// the find
tilt-dev/tilt
Define your dev environment as code. For microservice apps on Kubernetes.
Tilt is a dev environment orchestrator for Kubernetes-based microservice stacks. You define your services in a Tiltfile (Starlark/Python-ish DSL), run `tilt up`, and it watches files, rebuilds images, and syncs changes to your cluster — with a terminal UI showing status across all services. It's aimed at teams who already live in Kubernetes and are tired of writing bespoke watch scripts.
Live Update is the genuinely good part: it syncs changed files directly into running containers without a full image rebuild, which makes the edit-reload loop actually fast for interpreted languages. The Tiltfile DSL is expressive enough to handle real multi-service dependencies without becoming a maze — you can express 'build B after A is healthy' cleanly. Integration test coverage is unusually thorough for a dev tooling project; the /integration directory has end-to-end tests for live update, CRDs, job failures, namespace flags, and more. Extensions ecosystem (tilt-extensions repo) means common patterns like Helm, Docker Compose, and kind registry setup are already packaged and don't need to be hand-rolled.

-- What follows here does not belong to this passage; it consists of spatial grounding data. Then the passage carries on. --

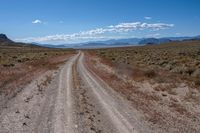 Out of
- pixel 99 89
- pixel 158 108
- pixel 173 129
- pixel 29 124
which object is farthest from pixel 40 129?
pixel 99 89

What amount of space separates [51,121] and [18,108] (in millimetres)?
2906

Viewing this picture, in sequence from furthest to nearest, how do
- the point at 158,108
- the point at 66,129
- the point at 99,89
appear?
the point at 99,89
the point at 158,108
the point at 66,129

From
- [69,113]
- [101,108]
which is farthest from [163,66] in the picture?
[69,113]

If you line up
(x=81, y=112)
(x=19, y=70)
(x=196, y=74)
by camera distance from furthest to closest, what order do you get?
1. (x=19, y=70)
2. (x=196, y=74)
3. (x=81, y=112)

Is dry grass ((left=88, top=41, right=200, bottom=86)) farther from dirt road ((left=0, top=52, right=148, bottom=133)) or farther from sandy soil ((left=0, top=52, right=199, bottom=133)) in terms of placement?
dirt road ((left=0, top=52, right=148, bottom=133))

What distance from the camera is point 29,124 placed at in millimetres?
9812

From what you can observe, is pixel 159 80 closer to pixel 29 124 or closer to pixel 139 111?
pixel 139 111

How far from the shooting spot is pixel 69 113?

The Starlark config language looks approachable but has a steep learning curve once you hit anything non-trivial — error messages from Tiltfile evaluation are often cryptic and don't point you to the line that matters. It's deeply coupled to having a local Docker daemon and a working kubeconfig; if your team uses remote clusters or non-standard auth (OIDC, exec plugins), you'll spend time debugging Tilt's assumptions before you debug your actual code. Now under Docker Inc. ownership, which raises obvious questions about long-term direction — the repo is active but the strategic roadmap is opaque. Resource consumption is non-trivial: running Tilt alongside a multi-service local cluster will saturate a laptop that would otherwise handle it fine.